Matthew 26:1-13. Matthew says it was two days before Passover. We know, however that Passover is on Thursday and celebrated as Maundy Thursday. A lesson on how the Jewish calendar and clock works. Our Wednesday begins at 12:00 midnight a.m. and will end at 11:59p.m. In Jewish timekeeping in Bible times, the next day began at sundown. So at sundown on Tuesday, that began the Jewish Wednesday. So, it could be that Matthew’s reference has some credibility to it that the Passover would be in two days. John, writes in his gospel that this event occurred six days before the Passover. Whenever it actually occurred, let’s not miss the point here.
Heard in another sermon on this text: Jesus is visiting with his friends in Bethany, a little shanty town less than two miles outside Jerusalem. It’s where Lazarus and his two sisters lived.
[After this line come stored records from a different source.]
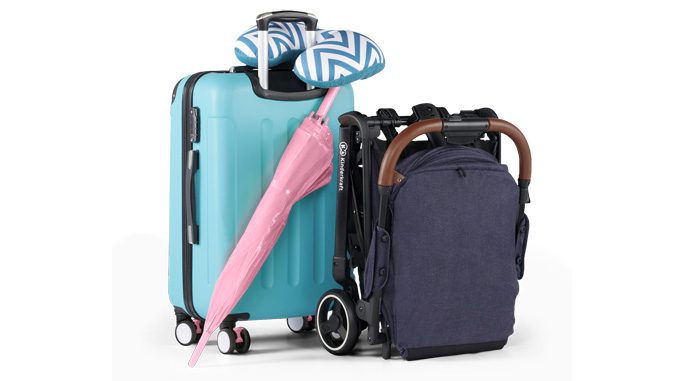 Złożony wózek NUBI stoi obok walizki, o którą oparty jest parasol. Przez rączkę przewieszona jest poduszka podróżna. 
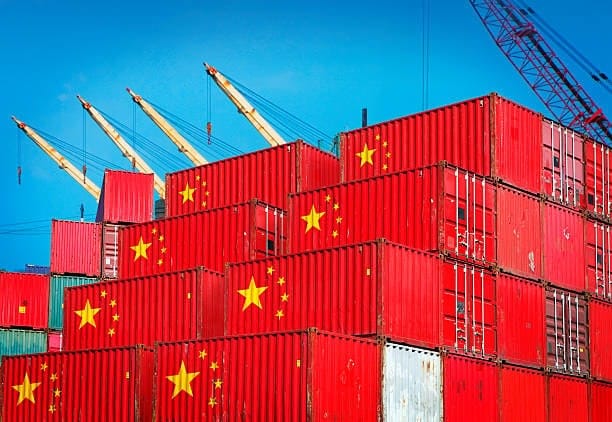 Stacked shipping containers marked with the Chinese flag at a port terminal, representing goods ready for international delivery and highlighting China’s global shipping lead times.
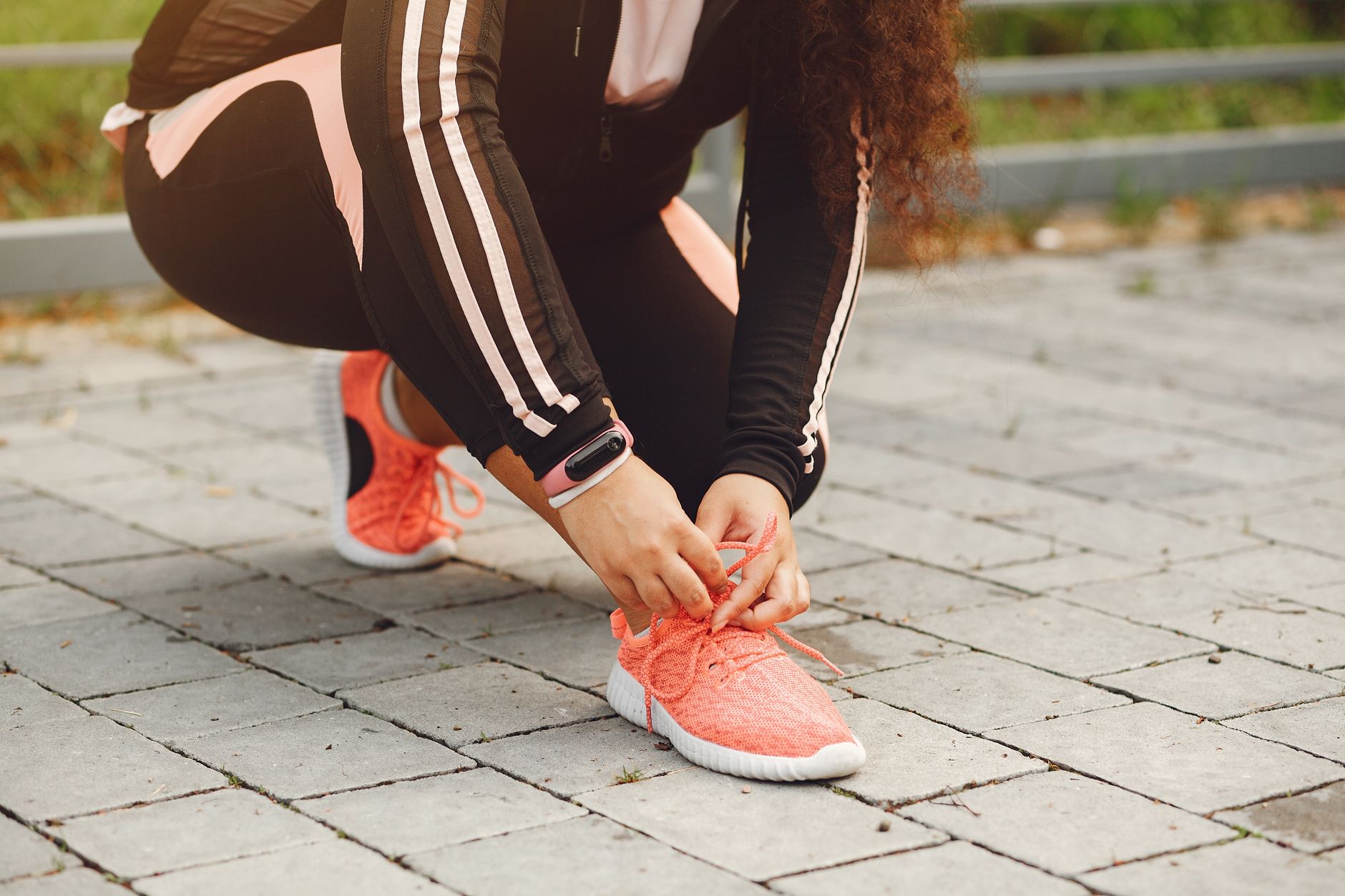 runner checking smartwatch after morning run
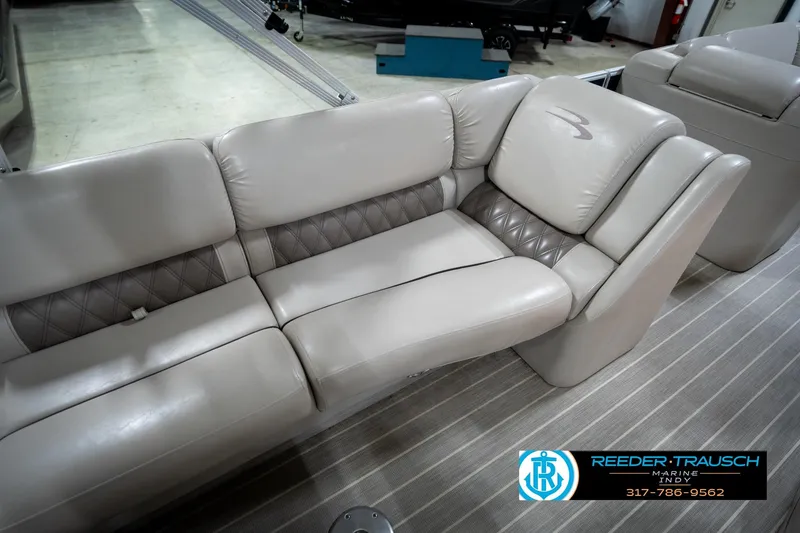 Slide: The Image of 2016 Bennington 2375 RSB boat interior with plush seating and elegant design. - 49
It’s also the home of a man named Simon known as the Leper. Obvious one who had been healed or he would not be hosting guests. Jesus and His friends have been invited there for a meal. Lazarus is part of the group around the table. Can you imagine the conversation. A leper healed and a dead man raised to life. In comes Mary moved by the moment, she’s the one who approached Jesus with an act of extreme worship.
This perfume (we’ll call it “nard #5”) that Mary produced wasn’t common. It was usually an oil, perfumed from an herb that grew in the Himalayas – somewhere around India or Tibet. Mark and John record in their gospel account that this was “pure nard.” Matthew & Mark say it was in a bottle made of “alabaster,” also from that area. It had to be imported from very far away. That made it valuable – the business minds in the group quickly figured it was worth a year’s wages – probably the investment of her life’s savings. The power of its smell gave it away as she poured it out. There was only about 12 oz. of it, but it was worth a fortune!
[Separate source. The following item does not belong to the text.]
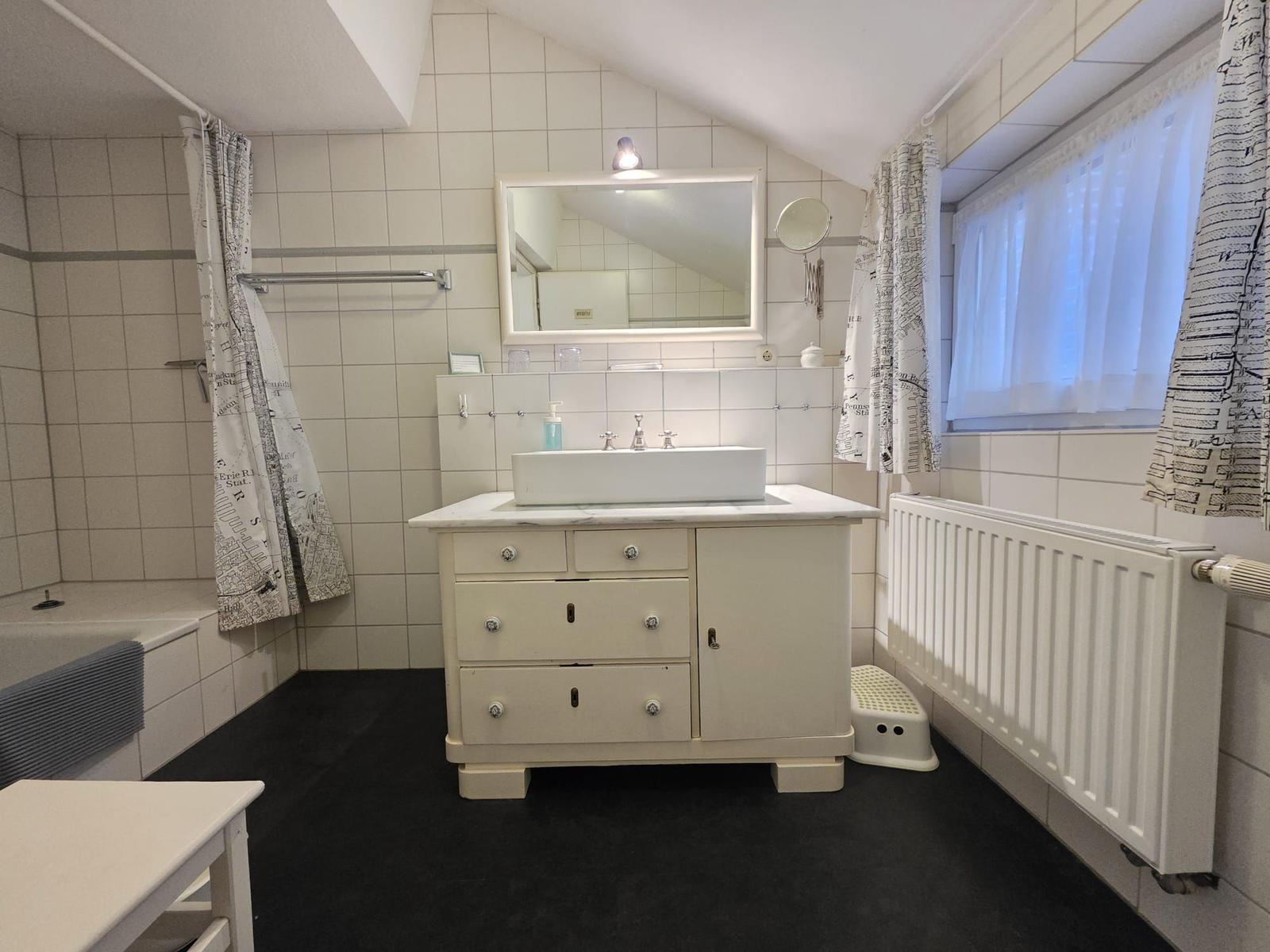 Bathroom with sink, mirror, and shower under sloped ceiling.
Picture Mary breaking open this vile and pouring it over Jesus’ head, then, there’s still some to be used up, so she uses it on His feet as well, until it’s all gone. She didn’t bring a towel, so she does something else extreme – she lets down her locks of hair in public. Women just didn’t do that. And she wipes Jesus’ feet with her hair. Mary poured out more than a year’s worth of wages that day — She poured out dignity and pride and gave it up to Jesus. She knew what she was doing. It wasn’t a mistake. Several around the table were sure she had done something wrong. The standout was Judas the materialistic thief that he was, who led others to complain. Matthew records “to what purpose was this waste?”
Let me tell you what is a waste! Jesus dying on the cross is a waste if you do not acknowledge that he did this to redeem you from your sins. Jesus dying on the cross is a waste if we just keep on sinning. Jesus dying on the cross is a waste if we bring to him a level of commitment that is limited. Jesus dying on the cross is a waste if you are always finding a way to dismiss the need or importance or significance of serving God. Jesus dying on the cross is a waste if you get all excited about Easter, the resurrection, the hope of eternal life and the next Sunday it is not important enough to come back to church and worship God. Jesus’ death on the cross is a waste when you refuse to repent of your sins and be baptized. Jesus’ death on the cross is a waste if sin is more what you want. Jesus’ death on the cross is a waste if your intention is nothing more than to worship God on Easter Sunday.